Да, смешно получилось. Брэйс вытащил ее визитку, и Нэнси Пэриш уже мечтала, как будет вести с ним передачу, но вместо этого оказалась его адвокатом.
— Я звонила вашим дочерям, и они уже начали составлять список свидетелей, необходимых нам для положительного решения вопроса о вашем освобождении под залог.
Брэйс кивнул.
— Множество людей изъявили желание прийти в суд, чтобы вас поддержать. Днем я уже поговорила с некоторыми. Вечером набросаю кое-какие письменные документы и поработаю над запросом о возможности залога.
Брэйс продолжал безучастно смотреть в сторону. Пэриш была поражена. Сидящий напротив нее человек даже отдаленно не напоминал словоохотливого радиоведущего — любимца огромного количества людей.

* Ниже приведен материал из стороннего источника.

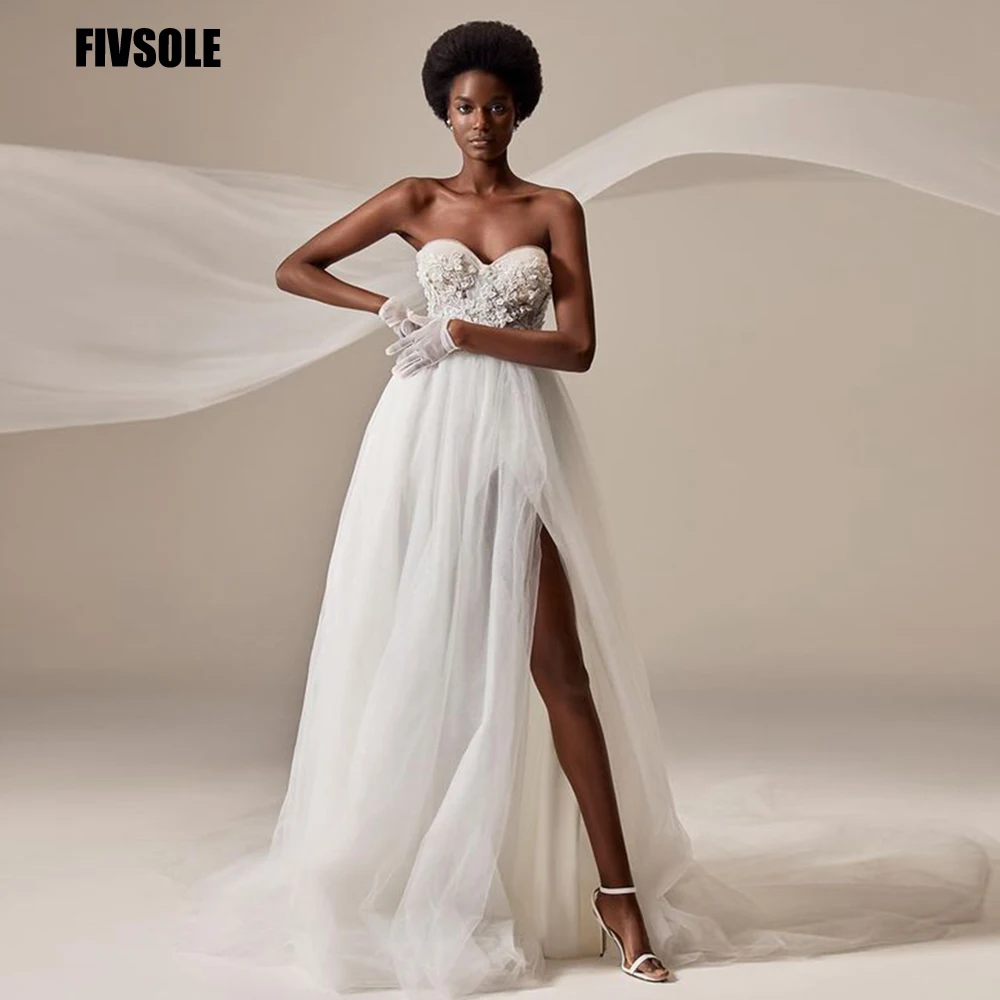 Fivsole 2022 Plus Size Mermaid Wedding Dresses Lace Split Vestidos De Novia Arabic Aso Ebi African Tulle Vintage Bridal Gowns
Fivsole 2022 Plus Size Mermaid Wedding Dresses Lace Split Vestidos De Novia Arabic Aso Ebi African Tulle Vintage Bridal Gowns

«А чего ты ожидала, Нэнси? — одергивала она себя. — У человека шок. Он даже не хочет вслух общаться».
Втайне она надеялась вместе с ним посмеяться над тем, как много мужчин решили после передачи предложить ей свои сексуальные услуги, или обсудить с ним ее будущую роль соведущей после окончания этого кошмара. От нелепых мыслей ей стало неловко.
«Не забывай, — повторяла она себе, — Кевин Брэйс — лишь один из твоих клиентов. Точка».

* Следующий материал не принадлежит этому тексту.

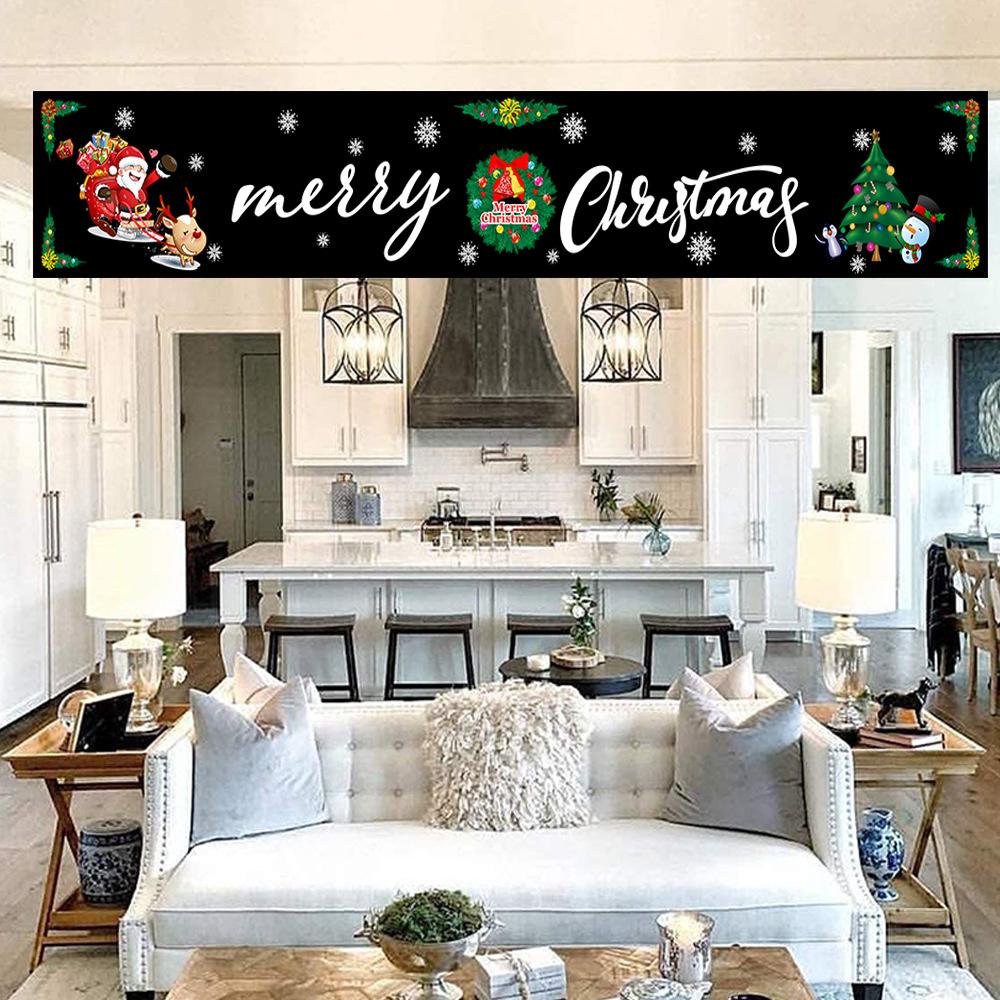Runtowo Christmas Outdoor Banner Flag ,2025 Merry Christmas Decoration for Home ,Santa Claus Xmas Ornament ,New Year 2026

— Мы встретимся завтра утром до суда в камере цокольного этажа старого здания городского муниципалитета. Хорошо?
Брэйс опустил руки. Кивнув, он быстро встал. Их встреча была окончена.
Пэриш собрала бумаги, стараясь не переворачивать блокнот, чтобы Брэйс не заметил там набросанного ею ранее рисуночка.
Остановившись, Брэйс жестом вновь попросил у нее ручку и блокнот.
Она протянула ему то и другое. Он написал: «Можно я оставлю эту ручку себе? И не могли бы вы принести мне какую-нибудь тетрадку?»
— Разумеется, — ответила Пэриш, с облегчением отметив, что кончик ручки еще не обгрызен ею. — Завтра же принесу.
Он улыбнулся, встретившись с ней взглядом. Она стукнула по двери, и в коридоре появился мистер Еж.
— Готовы вернуться назад, чтобы присоединиться к общему веселью, мистер Брэйс? — спросил он.
Брэйс лишь молча сложил руки за спиной и поплелся с охранником.
«Условный рефлекс, — подумала Пэриш, оставшись одна в комнате 301. — Кевин Брэйс уже стал вести себя как заключенный. Всего за несколько часов исчезли признаки его яркой личности. Национальная икона сначала превратилась в „специалиста по ваннам“, а потом и просто в заключенного с третьего уровня „Дона“. А ведь прошло меньше суток».